+++ INPUT FOR THIS TASK

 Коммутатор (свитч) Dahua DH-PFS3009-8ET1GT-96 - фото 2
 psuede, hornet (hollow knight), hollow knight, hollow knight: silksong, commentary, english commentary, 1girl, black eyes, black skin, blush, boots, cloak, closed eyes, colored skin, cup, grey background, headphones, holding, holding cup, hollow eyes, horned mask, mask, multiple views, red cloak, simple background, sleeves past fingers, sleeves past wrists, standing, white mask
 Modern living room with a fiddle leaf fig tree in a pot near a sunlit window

++++++
+++ INPUT FOR THIS TASK

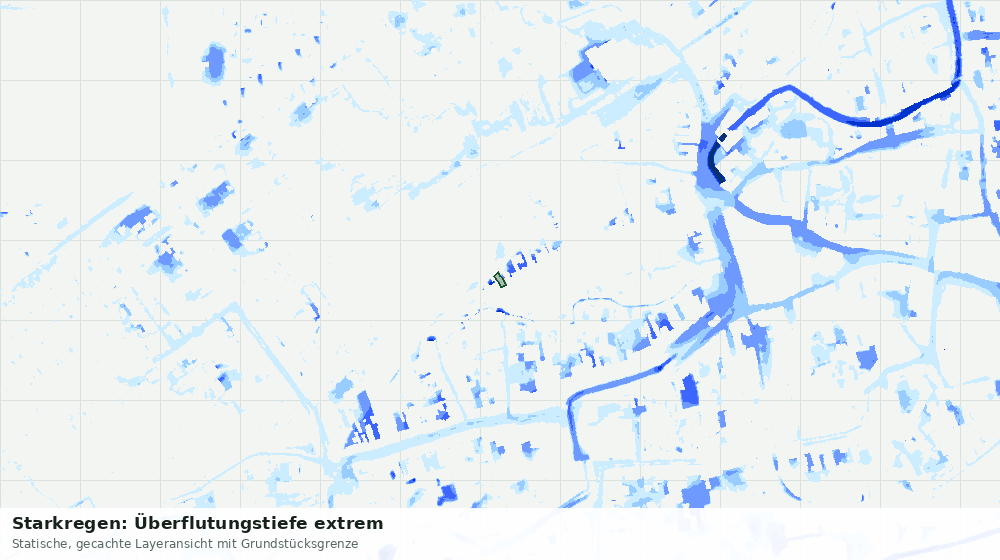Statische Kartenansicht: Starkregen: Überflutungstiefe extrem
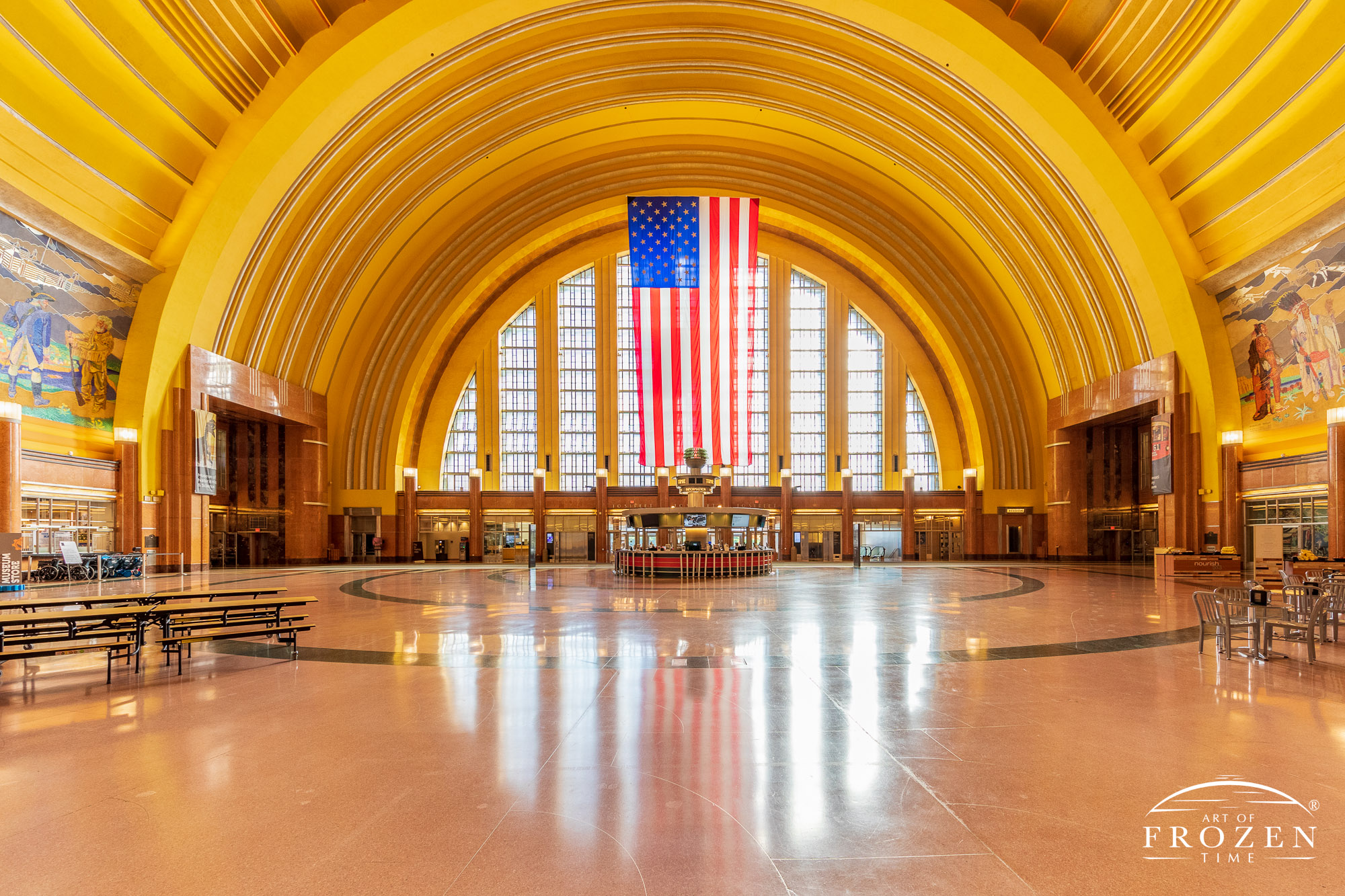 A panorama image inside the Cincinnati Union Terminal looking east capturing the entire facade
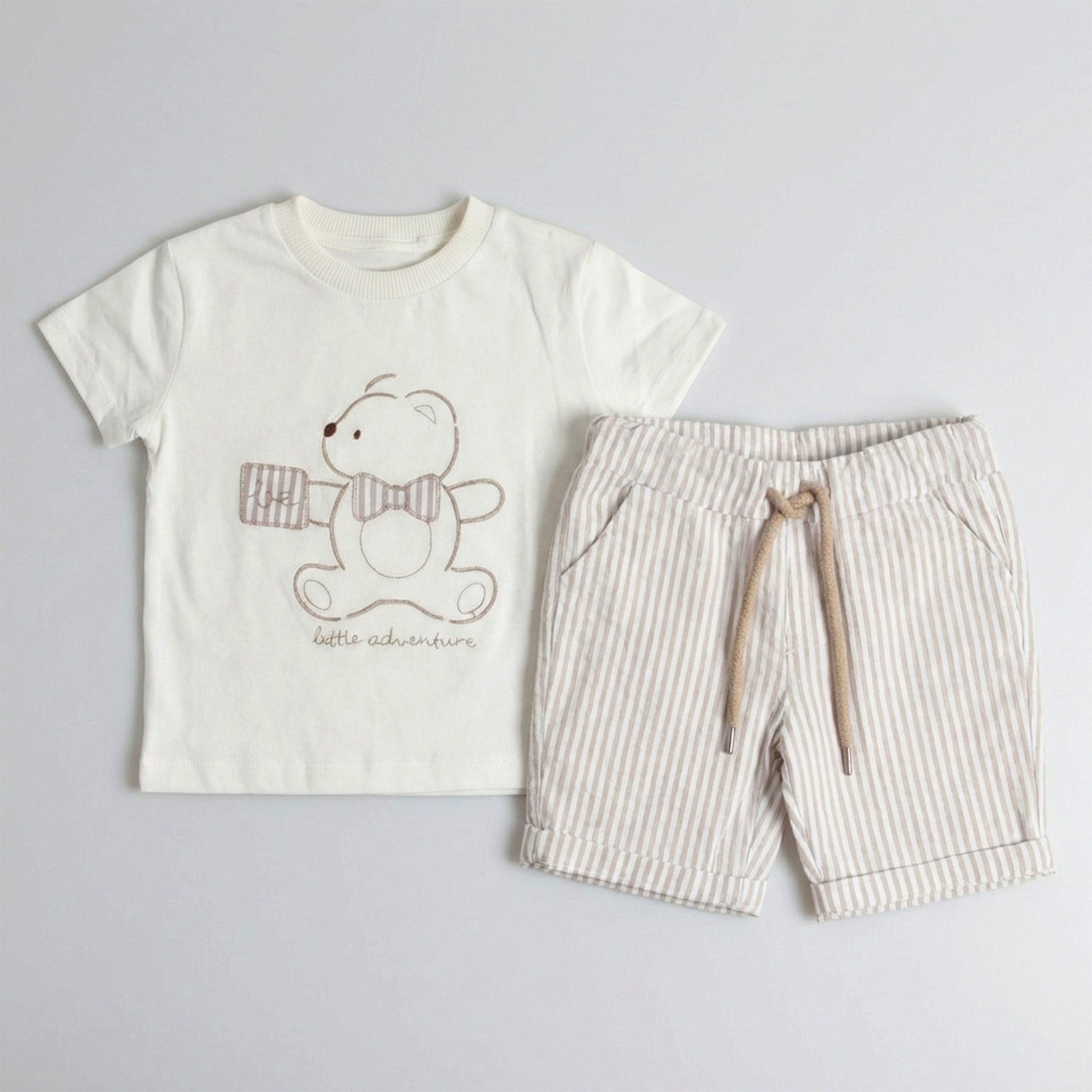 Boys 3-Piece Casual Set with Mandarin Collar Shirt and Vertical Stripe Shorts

++++++
+++ INPUT FOR THIS TASK

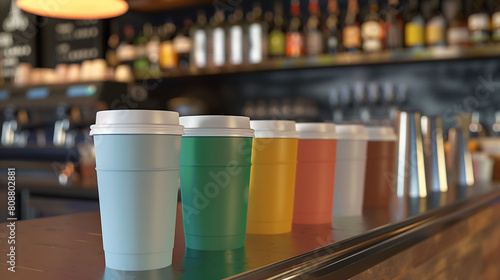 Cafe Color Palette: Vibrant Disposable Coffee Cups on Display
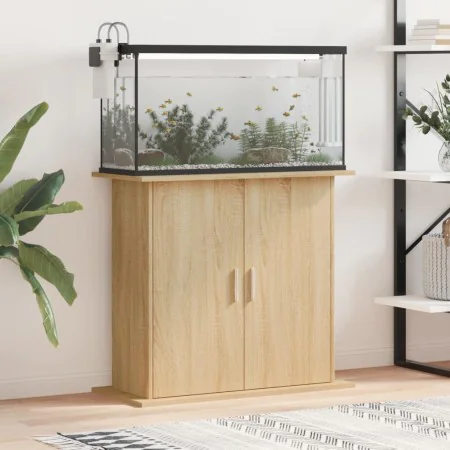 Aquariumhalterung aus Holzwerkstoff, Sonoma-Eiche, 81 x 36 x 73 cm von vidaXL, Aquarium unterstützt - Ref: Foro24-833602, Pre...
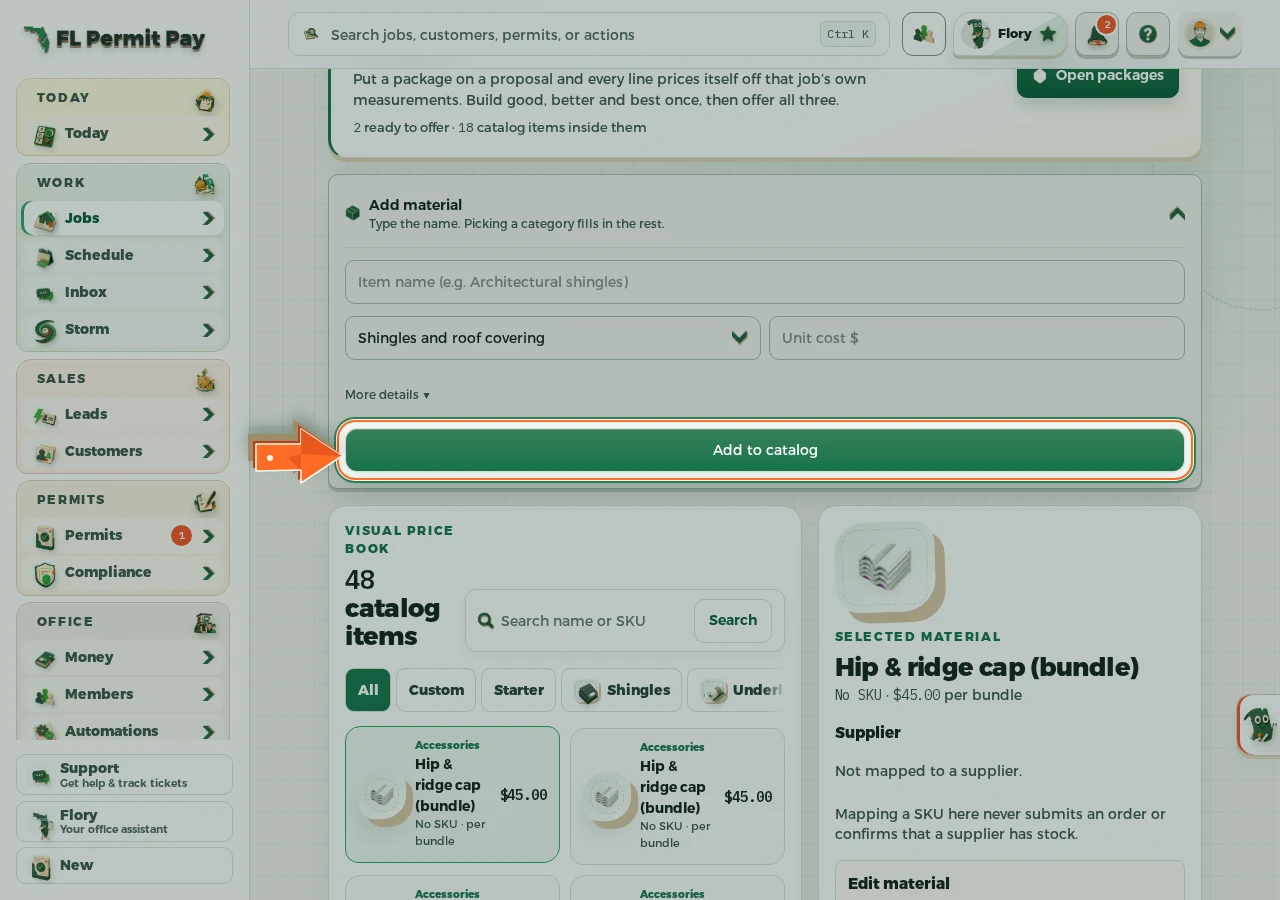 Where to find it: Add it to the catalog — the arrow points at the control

++++++

### [EXERCISE BRIEF]
Starting at the line containing "Statische Kartenansicht: Starkregen: Überflutungstiefe" and stopping at the line containing "Boys 3-Piece Casual", output each line exactly as it appears above. Leave out the pictures.

### [EXERCISE SOLUTION]
Statische Kartenansicht: Starkregen: Überflutungstiefe extrem
 A panorama image inside the Cincinnati Union Terminal looking east capturing the entire facade
 Boys 3-Piece Casual Set with Mandarin Collar Shirt and Vertical Stripe Shorts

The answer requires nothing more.